Rapidement, on comprend qu’il s’agit d’un lointain futur (à plusieurs siècles du nôtre) et que Michelle nage sur une Terre où l’on est désormais capable de changer de corps/nature à volonté !
Un prouesse technologique complètement fascinante qui n’est pourtant pas le cœur du récit.
En effet, Walter Jon Williams s’intéresse rapidement au passe-temps favori de Michelle pour nous y plonger entièrement.
Celle-ci adore farfouiller dans le passé et mener l’enquête pour démêler le vrai du faux. Elle est même particulièrement douée pour ça.
Contactée par le Dr Davout, un illustre professeur en biologie, la jeune femme se voit confiée une affaire des plus mystérieuses à propos d’un certain Dr Jonathan Terzian, père de la fameuse théorie de la corne d’abondance.
Plusieurs siècles auparavant, ce docteur en philosophie politique s’est comme volatilisé peu après la mort de sa femme et cela pendant plusieurs semaines avant de réapparaitre miraculeusement pour donner une conférence historique à Venise qui changera la face du monde.
Mais que lui est-il vraiment arrivé durant ce laps de temps ?
Qui était cette inconnue, Stéphanie, qu’il a rencontré à Paris ?
Et, surtout, que viennent faire des agents de l’ex-URSS mandés par la Transnistrie dans toute cette histoire ?
Autant de questions qui vont tenir en haleine Michelle et le lecteur.
Walter Jon Williams alterne deux époques et deux points de vue pour construire son récit et offrir ainsi une histoire jouant sur deux tableaux bien distincts et surprenants : la science-fiction et la philosophie !
La Peste du léopard vert imagine le bouleversement engendré par la démocratisation des biotechnologies et de la manipulation génétique dans un monde proche du nôtre. Plus précisément au rôle que la science va jouer dans la chute du capitalisme et l’avènement d’un tout nouveau paradigme.
Problème : comment remplacer un système tout entier par un autre sans retomber pour autant dans les même travers que l’ancien.
Est-ce seulement possible ?
La novella dévoile par petits bouts l’histoire de Terzian et de Stéphanie, oubliant l’angélisme militant pour se faire l’avocat du Diable.
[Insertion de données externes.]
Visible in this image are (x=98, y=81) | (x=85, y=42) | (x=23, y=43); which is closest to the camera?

Écho du futur, Michelle vit en plein milieu d’un monde transfiguré par les innovations issues de l’ingénierie génétique, un monde où la mort n’existe plus vraiment, où l’on peut changer de corps et d’espèce selon ses désirs et où, finalement, ni le travail ni l’amour n’ont plus la même signification.
Plus intéressant encore, La Peste du léopard vert, en sus de tirer le portrait de notre époque capitaliste mortifère ravagée par la guerre et la famine, s’attache à démontrer que les idées elles-mêmes ont au moins (si ce n’est davantage) d’importance sur le long terme.
« Ideas are bulletproof », comme dirait un célèbre anarchiste masqué anglais.
Passionnant de bout en bout, La Peste du léopard vert appartient à ce type de science-fiction maligne qui aime tout autant réfléchir sur les implications philosophiques de ses idées que d’exposer un monde radicalement différent du nôtre pour illustrer son propos.
Le tout sans tirer à la ligne et en restant parfaitement accessible. Que demander de plus ?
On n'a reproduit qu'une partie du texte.